Syndrome de la fée clochette, symbole du néant féministe

Rédigé par lesoufflet le 14 février 2012.

feminisme

Une nouvelle tendance psychologisante fait un tabac chez nos amies intellectuelles féministes, gavées à Causette et à psychologie magazine : le syndrome de la fée clochette.

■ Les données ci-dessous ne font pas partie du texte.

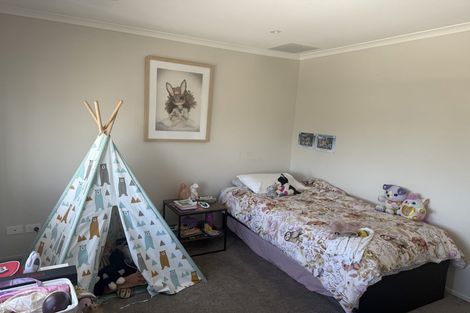 Photo of property in 10 Arbors Track, Silverdale, 0932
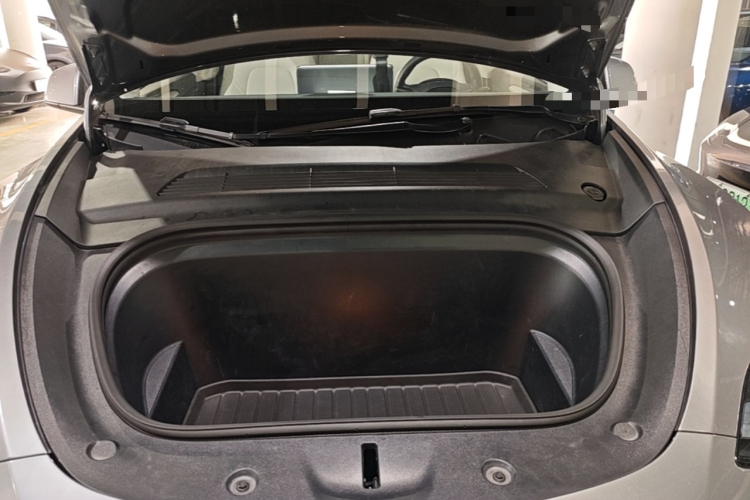 Tesla Model Y 2024 #20 Tesla Model Y 2024 car image #20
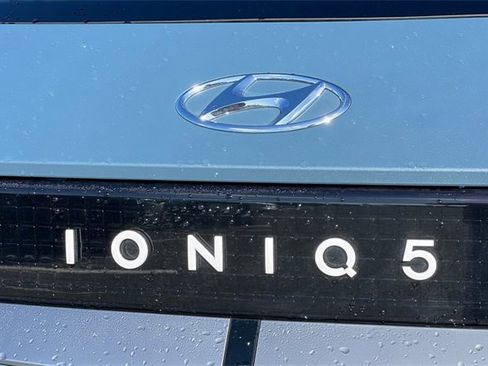 Certified 2024 Hyundai Ioniq 5 SE image 36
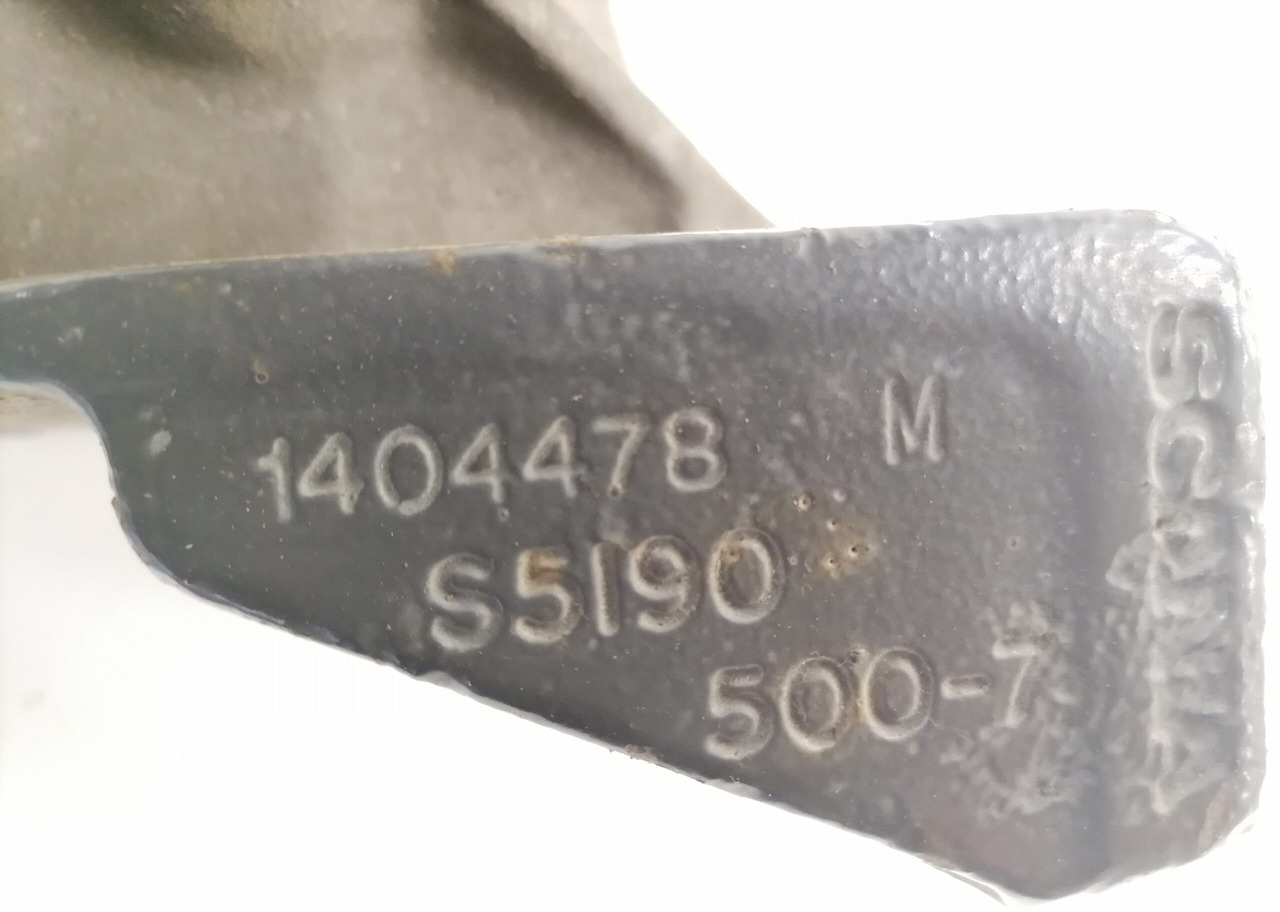 Scania Front bumper carrier 1404478 - Parachoques para Camión: foto 3 Scania Front bumper carrier 1404478 - Parachoques para Camión: foto 3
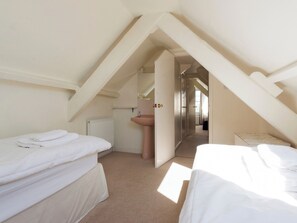 5 chambres, Wi-Fi gratuit, draps fournis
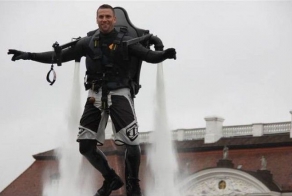 Летать, как Джеймс Бонд с Jetlev-Flyer (15 фото)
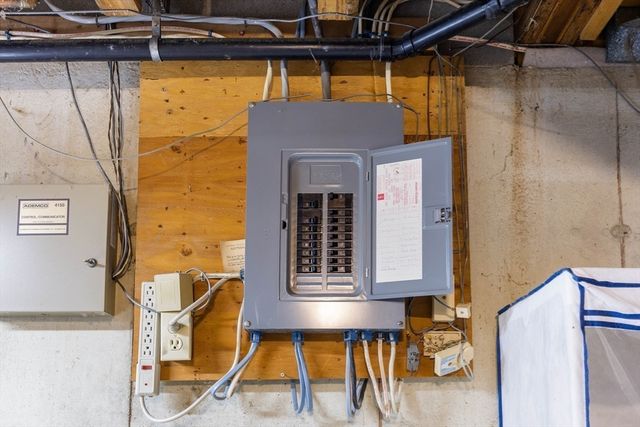 15 B Castle Hill Rd. B, Agawam, MA 01001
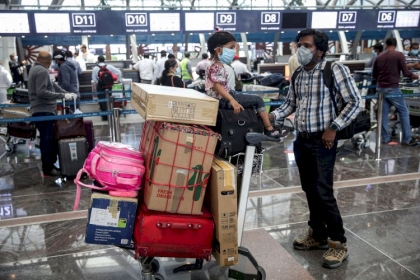 سلطنة عمان تقرر تمديد تعليق دخول القادمين إليها من 14 دولة حتى إشعار آخر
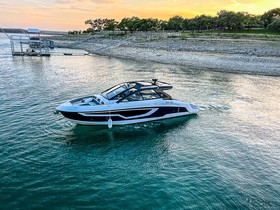 Acquistare 2022 Cruisers Yachts 42 Gls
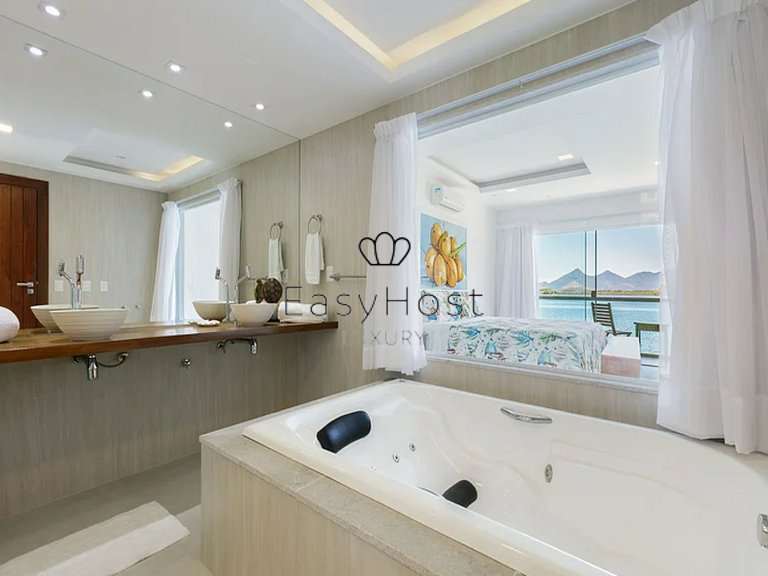 Casa a venda em Angra dos Reis com piscina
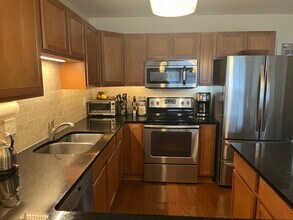 449 Clairemont Ave in Decatur, GA - Building Photo - Building Photo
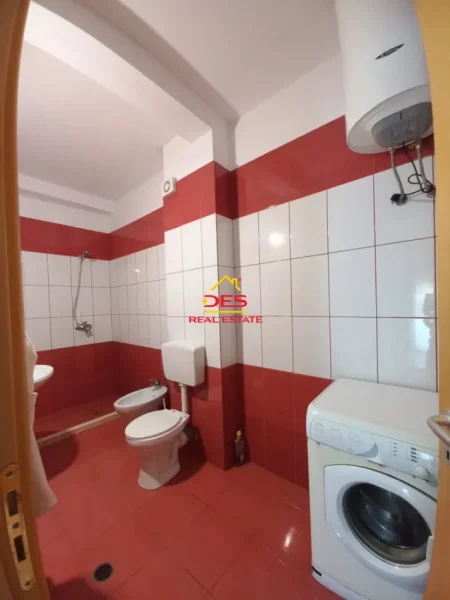 Vlore, jepet me qera apartament 1+1+Ballkon Kati 7, 70 m² 400 € (Rruga Çamëria)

Quand les féministes ne sont pas occupées à imposer des lois de discrimination positive, à traquer les vilains machos, à nier les différences de genre ou à bruler leurs soutiens-gorge, elles aiment, comme tout bon parisien de gauche, perdre leur temps en masturbation intellectuelle, en création de théories et autres concepts fumeux.

Cette année, la dernière trouvaille débile s’appelle le syndrome de la fée clochette. Il a été conçu et rédigé par Sylvie Tenenbaum qui n’est même pas psychologue, mais seulement psychothérapeute. Ce qui veut dire qu’elle a, pour tout diplôme, suivi une psychanalyse… comme tous les tarés de la terre.

Mais qu’importe, son style est simple et niais, son concept vide de sens : elle a rencontré un franc succès chez les féministes et dans la presse féminine.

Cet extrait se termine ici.